I want to make sure I have this right though.
My camera takes a 20 second Exp, but then it takes another 20 secs to process. Therefore I need to set the timer interval to around 45 seconds ?
Stu
Sounds like you have "in camera noise correction" on too Stu - so its always going to take a matching dark frame for the length of your exposure. Alternative is to turn that off and use library darks, which gives you more imaging time, but requires you take darks at some conditions (temp mainly). I used to use the EOS software for focusing (liveview) and all my image capture. Very nice to get the PC and camera doing the hard work while you put your feet up and enjoy the sky!
I found the timer settings on EOS.
I want to make sure I have this right though.
My camera takes a 20 second Exp, but then it takes another 20 secs to process. Therefore I need to set the timer interval to around 45 seconds ?
Unfortunately it is the only one I could do and is very tricky. In my opinion to get any further than you have done you will need either - Equatorial Platform (which is what I used) or a Field De-Rotator which maybe the best bet to get long exposures needed for deep sky.
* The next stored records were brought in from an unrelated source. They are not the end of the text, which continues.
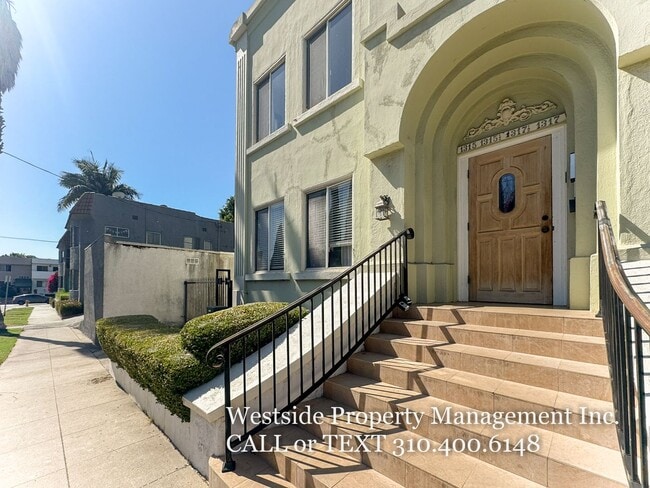 Building Photo - 1315-1317 1/2 N. Stanley Ave.-1315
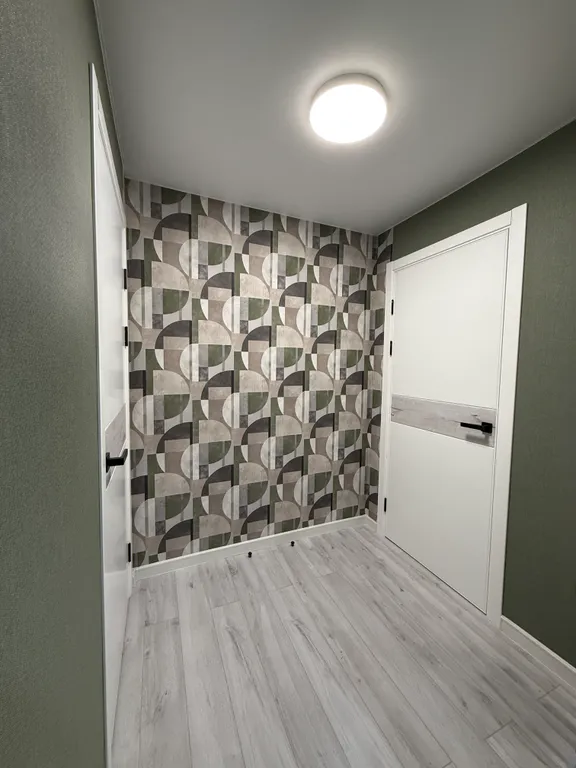 Новая евротрешка толтый мыс 5-7 мин до моря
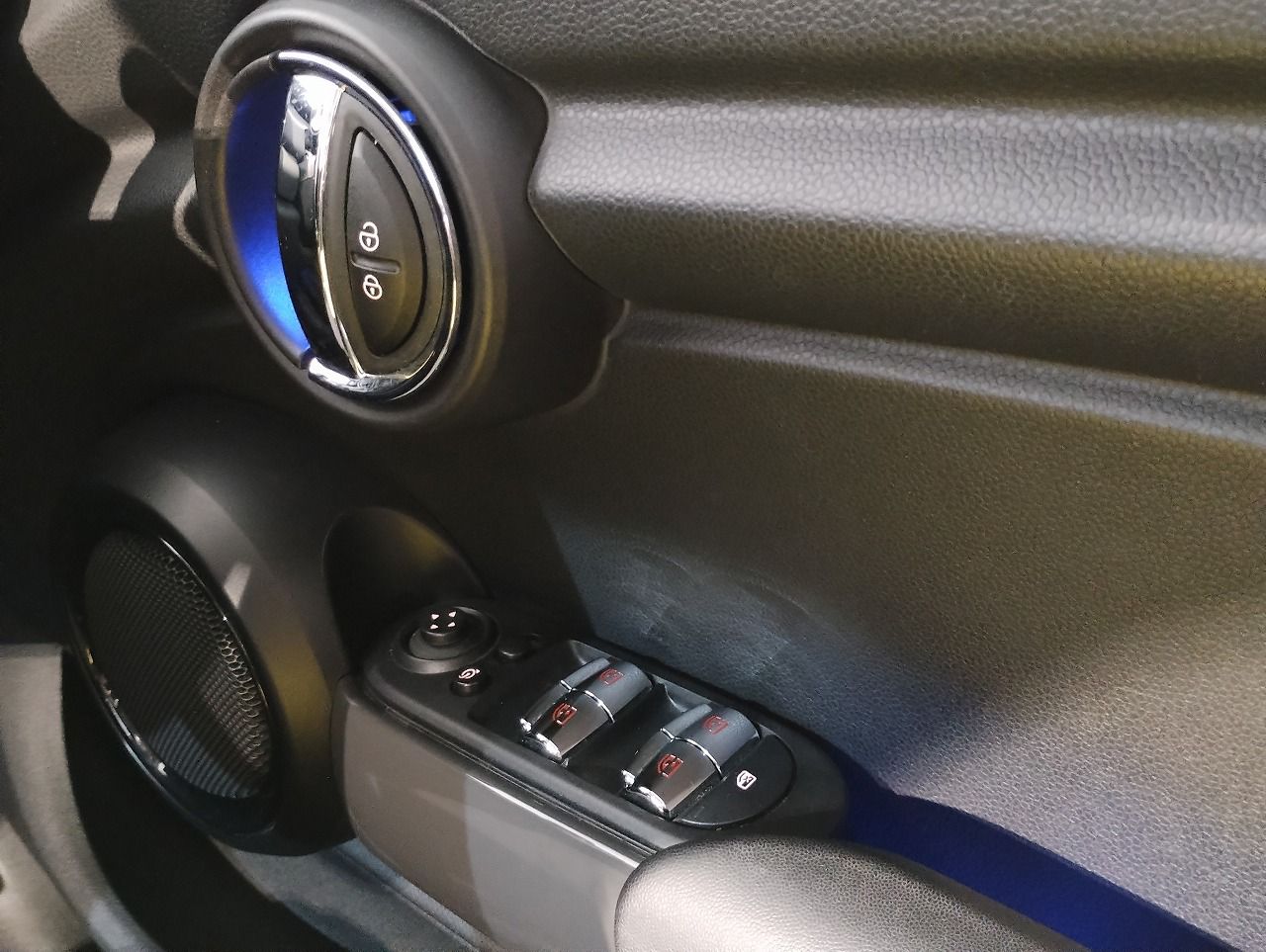 F55 COOPER D (AT)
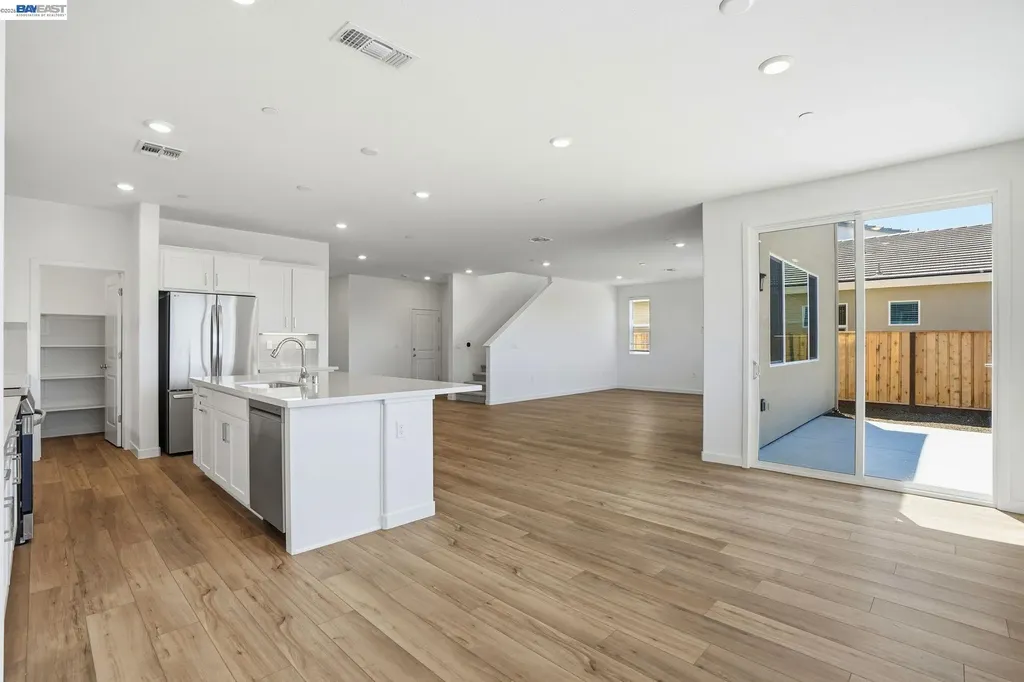 1020 Bluebell Circle Discovery Bay CA 94505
To get mine required 1 minute exposures all 67 of them and only 20 were good enough to make the grade.
On the other point it does sound like you have ICNR on.
I would leave the In Camera Noise Reduction on. Although you are halving your shooting time, the quality of your shots should be better.
Having said that, if the outside temperature is cold (1 to about 4 c), experiment with it on and off. You might find very little difference in the amount of noise in your shots.
When you get to the point that the delay time is a signficicant proportion of your shooting time, that's when its time to start thinking about shooting a library of master darks at various temperatures. For 30sec exposures its probably not worth the effort IMHO.
As to what gives the best pics, that's like arguing over Mac versus PC.....
The new centaurus A is much better tracked, the omega also shows nice stars, I haven't had much to do with the goto dobs ( ok i never had one in my hands ) you certainly have scope for lots of targets, and as others have said, the more frames you take the better the picture will be.
I've added my Trifid Nebula shot in there too now.
This was taken around an almost full moon and in a pretty badly light polluted part of the sky.
So I'm really looking forward to trying this stuff out more at the clubs dark sky location.